TATA Steel, the world’s seventh-largest steelmaker, said on Friday (May 18) its quarterly net profit plunged 90 per cent from a year earlier, hit by high input costs and falling demand in its key European market.
Tata Steel reported consolidated net profit slid to `4.33bn ($80m/£50.58m) for the three months to March from `41.76bn ($800m/£500.59m) in the same period a year earlier.
“Steel demand in emerging markets increased but it dropped in Europe towards the end of the quarter on the back of the eurozone crisis,” Tata Steel’s chief financial officer Koushik Chatterjee told reporters in Mumbai.

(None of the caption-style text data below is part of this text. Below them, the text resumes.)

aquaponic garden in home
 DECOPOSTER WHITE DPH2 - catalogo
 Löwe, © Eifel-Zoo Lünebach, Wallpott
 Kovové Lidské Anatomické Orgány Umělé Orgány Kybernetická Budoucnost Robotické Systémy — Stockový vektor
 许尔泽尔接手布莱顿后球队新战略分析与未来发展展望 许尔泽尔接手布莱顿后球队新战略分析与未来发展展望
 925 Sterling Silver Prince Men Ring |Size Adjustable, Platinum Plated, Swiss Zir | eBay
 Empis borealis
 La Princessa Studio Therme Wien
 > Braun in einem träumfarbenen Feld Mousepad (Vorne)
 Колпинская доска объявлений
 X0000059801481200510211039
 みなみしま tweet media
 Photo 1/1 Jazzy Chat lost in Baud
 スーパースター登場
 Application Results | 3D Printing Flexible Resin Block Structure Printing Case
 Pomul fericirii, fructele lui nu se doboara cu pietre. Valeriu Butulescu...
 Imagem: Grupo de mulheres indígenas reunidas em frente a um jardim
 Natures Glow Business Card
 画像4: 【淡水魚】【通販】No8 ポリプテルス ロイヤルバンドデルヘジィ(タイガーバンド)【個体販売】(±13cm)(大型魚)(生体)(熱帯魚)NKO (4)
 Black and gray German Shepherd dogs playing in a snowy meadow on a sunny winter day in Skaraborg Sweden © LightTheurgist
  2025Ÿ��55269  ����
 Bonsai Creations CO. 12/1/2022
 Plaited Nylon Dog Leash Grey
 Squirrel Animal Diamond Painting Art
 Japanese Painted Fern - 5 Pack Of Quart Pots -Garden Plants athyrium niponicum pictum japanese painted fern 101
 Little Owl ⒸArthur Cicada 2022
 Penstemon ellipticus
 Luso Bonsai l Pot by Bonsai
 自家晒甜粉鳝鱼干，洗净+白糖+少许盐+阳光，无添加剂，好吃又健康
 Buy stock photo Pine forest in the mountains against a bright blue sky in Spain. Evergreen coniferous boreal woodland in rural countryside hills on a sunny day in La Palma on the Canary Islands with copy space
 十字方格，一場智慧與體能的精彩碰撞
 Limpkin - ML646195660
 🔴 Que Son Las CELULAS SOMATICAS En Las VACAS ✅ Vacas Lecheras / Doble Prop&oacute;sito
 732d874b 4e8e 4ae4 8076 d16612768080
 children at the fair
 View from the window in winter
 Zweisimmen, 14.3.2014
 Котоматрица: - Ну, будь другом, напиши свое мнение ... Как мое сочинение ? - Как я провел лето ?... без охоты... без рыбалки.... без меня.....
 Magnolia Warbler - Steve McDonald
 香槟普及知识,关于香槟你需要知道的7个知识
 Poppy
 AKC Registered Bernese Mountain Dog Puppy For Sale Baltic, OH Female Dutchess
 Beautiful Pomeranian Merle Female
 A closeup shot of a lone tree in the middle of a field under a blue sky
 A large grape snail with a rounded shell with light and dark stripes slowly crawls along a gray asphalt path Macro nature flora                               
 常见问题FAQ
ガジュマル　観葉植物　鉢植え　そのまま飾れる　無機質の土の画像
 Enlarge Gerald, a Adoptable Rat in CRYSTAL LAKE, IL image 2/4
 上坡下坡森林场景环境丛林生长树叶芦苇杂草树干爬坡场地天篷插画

High costs of important raw materials such as iron ore and coal also hurt operations, Chatterjee added.
Steelmakers around the world have been suffering from a slowdown in demand as industrial growth loses pace in emerging economies such as India and China and growth remains sluggish in advanced economies.
Europe accounts for around two-thirds of sales and production for the steelmaker which has an annual capacity of some 28 million tonnes.
Chatterjee forecast that global steel demand would improve in the current fiscal year with raw material prices stabilising.
Profit in the fourth quarter a year earlier was boosted by a one-time gain from the sale of a plant in Britain. Stripping out the gain, the drop in quarterly net profit would have been 77 per cent, the company said.
The company, part of the sprawling Tata Group conglomerate, became one of the world’s biggest steelmakers after purchasing Anglo-Dutch company Corus for $13.7bn (£8.66bn) in 2007.
Europe-based Corus was rebranded as Tata Steel in September 2010.